Lucky Strike. Nancy Zafris
She peeked around the corner of the truck. “Where’s Beth?” she asked.
He shrugged. “She likes the shade.”
“I was a farm girl, Harry. He got me off the farm. How many times have you heard that story?”
“It doesn’t have to be a permanent situation.”
“I don’t know about that, but it’s the situation I’m in. It’s not great. It’s not even good. But it got me off the farm. All we did was work. I barely knew my dad was my dad. We were just his hired hands.”
“You’re stronger than you look. I guess that explains it.”
“Not hired actually. He got us for free. I can tell you one thing: he was sorry to walk me down the aisle.”
The Geiger counters and scintillators were last to go in. He always kept a few at the ready, just in case he met some hope-addled dogstakers along the road. He still couldn’t believe himself back at the camp, how he had packed the fan belt way in the rear of the truck. He was always so careful—except whenever he had an opportunity to shoot himself in the foot. He couldn’t remember a time when he hadn’t made half a fool of himself in front of Jimmy Splendid—and now in front of the ladies, too. Everyone thought he just sold compressor bits, but he sold the whole compressor, too, and all the parts for the Chicago Pneumatic and Jagger. How many times had he tried to make that clear to Jimmy and Jimmy didn’t listen? And now Jimmy had cut him off once again and Harry was reduced to selling him shovels—shovels!—all in front of the ladies. Maybe polygamy wasn’t a trait, but by God ridiculous shovel-selling must be.

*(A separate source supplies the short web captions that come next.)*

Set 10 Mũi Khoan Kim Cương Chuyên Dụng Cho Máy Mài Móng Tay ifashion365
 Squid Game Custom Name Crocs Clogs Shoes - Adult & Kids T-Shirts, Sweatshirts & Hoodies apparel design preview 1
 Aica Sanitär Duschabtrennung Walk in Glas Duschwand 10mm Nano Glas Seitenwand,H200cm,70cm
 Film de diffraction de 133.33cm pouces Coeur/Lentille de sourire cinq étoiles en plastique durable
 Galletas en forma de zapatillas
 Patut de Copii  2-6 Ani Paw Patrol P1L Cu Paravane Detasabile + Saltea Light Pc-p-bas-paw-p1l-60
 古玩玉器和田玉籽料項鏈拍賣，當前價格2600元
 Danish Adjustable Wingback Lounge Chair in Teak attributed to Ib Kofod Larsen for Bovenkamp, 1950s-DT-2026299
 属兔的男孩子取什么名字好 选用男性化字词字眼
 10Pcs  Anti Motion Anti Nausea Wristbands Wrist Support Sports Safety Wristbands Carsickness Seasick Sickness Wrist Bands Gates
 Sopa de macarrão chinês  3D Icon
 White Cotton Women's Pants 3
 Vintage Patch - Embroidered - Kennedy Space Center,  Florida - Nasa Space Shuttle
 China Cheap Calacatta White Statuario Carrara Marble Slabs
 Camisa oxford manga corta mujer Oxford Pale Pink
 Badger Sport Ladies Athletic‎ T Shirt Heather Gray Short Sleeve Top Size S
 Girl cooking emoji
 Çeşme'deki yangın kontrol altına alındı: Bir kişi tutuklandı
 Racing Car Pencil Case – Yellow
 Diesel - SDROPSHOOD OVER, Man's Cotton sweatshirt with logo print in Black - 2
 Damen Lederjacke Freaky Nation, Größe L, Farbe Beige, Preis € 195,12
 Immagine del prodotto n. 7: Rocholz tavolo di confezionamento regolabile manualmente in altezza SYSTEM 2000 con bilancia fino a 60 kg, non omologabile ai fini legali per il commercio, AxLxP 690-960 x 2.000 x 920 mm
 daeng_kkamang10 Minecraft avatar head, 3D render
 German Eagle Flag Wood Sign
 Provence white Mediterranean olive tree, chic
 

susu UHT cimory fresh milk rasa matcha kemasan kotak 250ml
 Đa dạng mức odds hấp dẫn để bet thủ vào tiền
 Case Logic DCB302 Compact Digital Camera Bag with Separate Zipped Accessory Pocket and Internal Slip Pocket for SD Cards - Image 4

“Lot of stuff in this truck,” Jo said.
“I have a new mining camp to go to tomorrow,” Harry said. “Guess I’ll try them out.”
“I wish I’d been a man ten years older so I could have gone off to war. England or France or Germany. I would have stayed. I never would have come home. Do you believe that?”
“I believe you,” Harry said.
“That’s what I wish.”
“I’m leaving this evening,” Harry said.
“You’re not staying the night?”
“Got to get a head start.”
“I hope it pays off.”
“I do, too.”
“When will you be back?”
“I have a tent.” Harry chanced a glance into her eyes. “You could go with me if you’d like.”
“What, and leave my husband?”
“I’m a gentleman,” Harry said. He’d always been quite sure of that whenever he’d said it before.
Jo fixed the pleats of her dress, removed a sandal, and shook out a stone. “Then I’d have to leave you, Harry. And then the next person and the next, all the way to England.” She kept her head down, concentrating on the pleats.